My second conclusion–really more of a suspicion–has nothing to do with gas pumps or gas stations, and everything to do with cars. After reading the UL report I went back and reread portions of the EPA’s official waiver response, which ran to 58 pages in the Federal Register. From what I can tell, EPA wasn’t really looking at whether cars would suffer damage from operating on a higher percentage of ethanol than the fuel for which they were designed. The waiver was granted on the basis of those cars not emitting more pollutants than on the fuel for which they were designed. Quoting from the EPA document:
“For MY 2007 and newer light-duty motor vehicles, the DOE Catalyst Study and other information before EPA adequately demonstrates that the impact of E15 on overall emissions, including both immediate and durability related emissions, will not cause or contribute to violations of the emissions standards for these motor vehicles. Likewise, the data and information adequately show that E15 will not lead to violations of the evaporative emissions standards, so long as the fuel does not exceed a Reid Vapor Pressure (RVP) of 9.0 psi in the summertime control season. The information on materials compatibility and drivability also supports this conclusion.”

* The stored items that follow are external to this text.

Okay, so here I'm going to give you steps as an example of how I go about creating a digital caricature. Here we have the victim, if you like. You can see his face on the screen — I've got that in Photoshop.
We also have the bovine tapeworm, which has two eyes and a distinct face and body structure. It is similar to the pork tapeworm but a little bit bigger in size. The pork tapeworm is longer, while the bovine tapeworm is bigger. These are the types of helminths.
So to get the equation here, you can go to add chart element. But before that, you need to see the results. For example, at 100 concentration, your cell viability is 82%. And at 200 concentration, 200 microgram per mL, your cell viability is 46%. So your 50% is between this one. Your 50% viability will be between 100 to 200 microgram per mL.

That’s good as far as it goes, but from my perspective this finding reflects a necessary but hardly sufficient standard for putting a new fuel into the marketplace, particularly when the failures of the dispensers in the UL study point to the possibility of similar failures of “nonmetals” in the fuel systems of cars or other devices not designed to run on more than 10% ethanol. Even if the leaks found in the testing of product dispensers didn’t result in safety hazards, they would at a minimum increase the evaporative emissions from infrastructure, aside from the automotive impact on which EPA apparently focused. I also find it interesting that a bill was introduced in Congress this summer, as EPA was considering the waiver request, that would appear to make it more difficult for consumers to recover the cost of damages resulting from compatibility problems in approved vehicles or misfueling of non-approved vehicles.

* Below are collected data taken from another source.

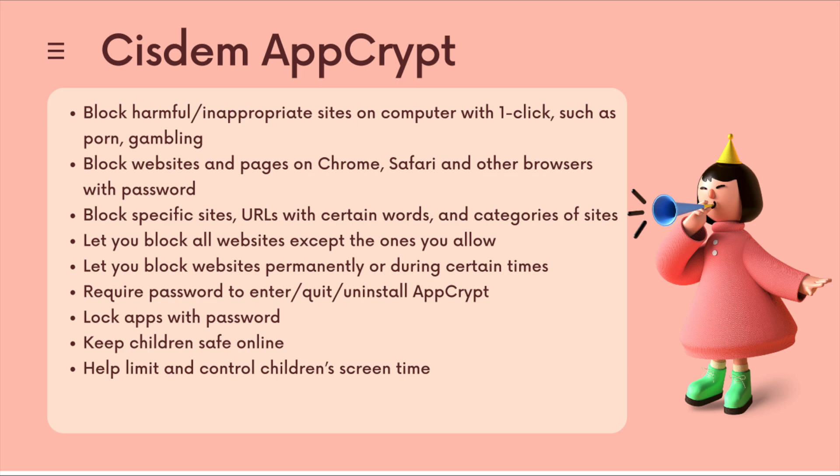Let you block websites permanently or during certain times. Require password to enter, quit or uninstall AppCrypt. Lock apps with password. Keep children safe online. Help limit and control children's screen time.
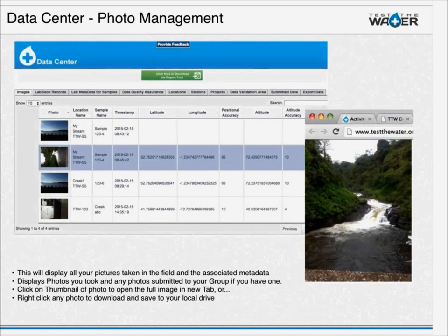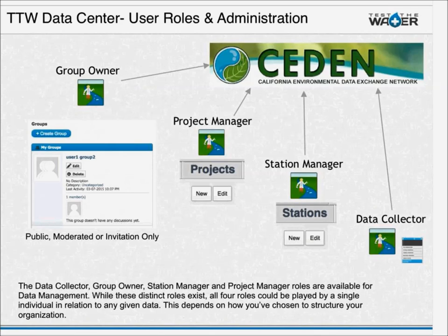In addition to data collection fields, there's photo documentation. In the Images tab, your images and any images submitted to your group are visible to the group owner. Clicking on an image opens a full-size view in the browser, and you can right-click to download.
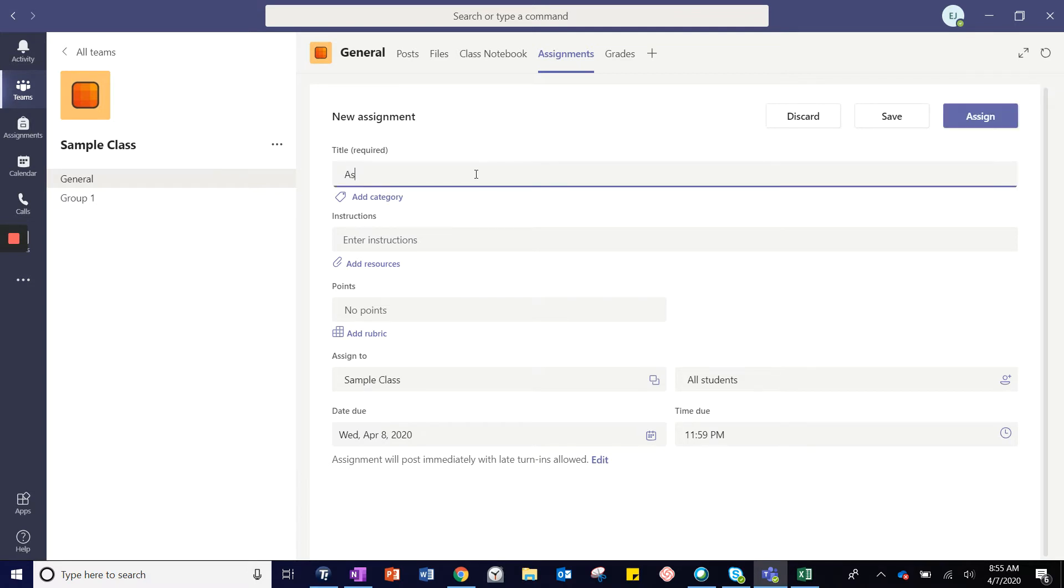A title is required and you will also want to give your students detailed instructions.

As I’ve noted in my previous postings on this topic, I’m sympathetic to the box into which altered circumstances have placed both the ethanol industry and the federal government with regard to ethanol blending. US gasoline sales, which stagnated after the financial crisis and are only growing by a historically modest 0.7% this year (through November) according to API’s latest statistics, are not expanding fast enough to accommodate the output of all the ethanol plants that have been built or are under now construction. When the Renewable Fuels Standard was enacted as part of the Energy Independence and Security Act of 2007, the bill’s architects presumably expected that E85 sales would take up any slack. The fact that that hasn’t happened does not justify creating a new outlet for additional ethanol in automobiles not designed to accommodate it, any more than it would justify running a new fuel through infrastructure that has been shown not to be up to the challenge. If EPA doesn’t revisit the more comprehensive aspects of this question as part of its deferred decision on allowing E15 for cars made before 2007, then perhaps it’s time for another government agency with a broader charter to take over this issue.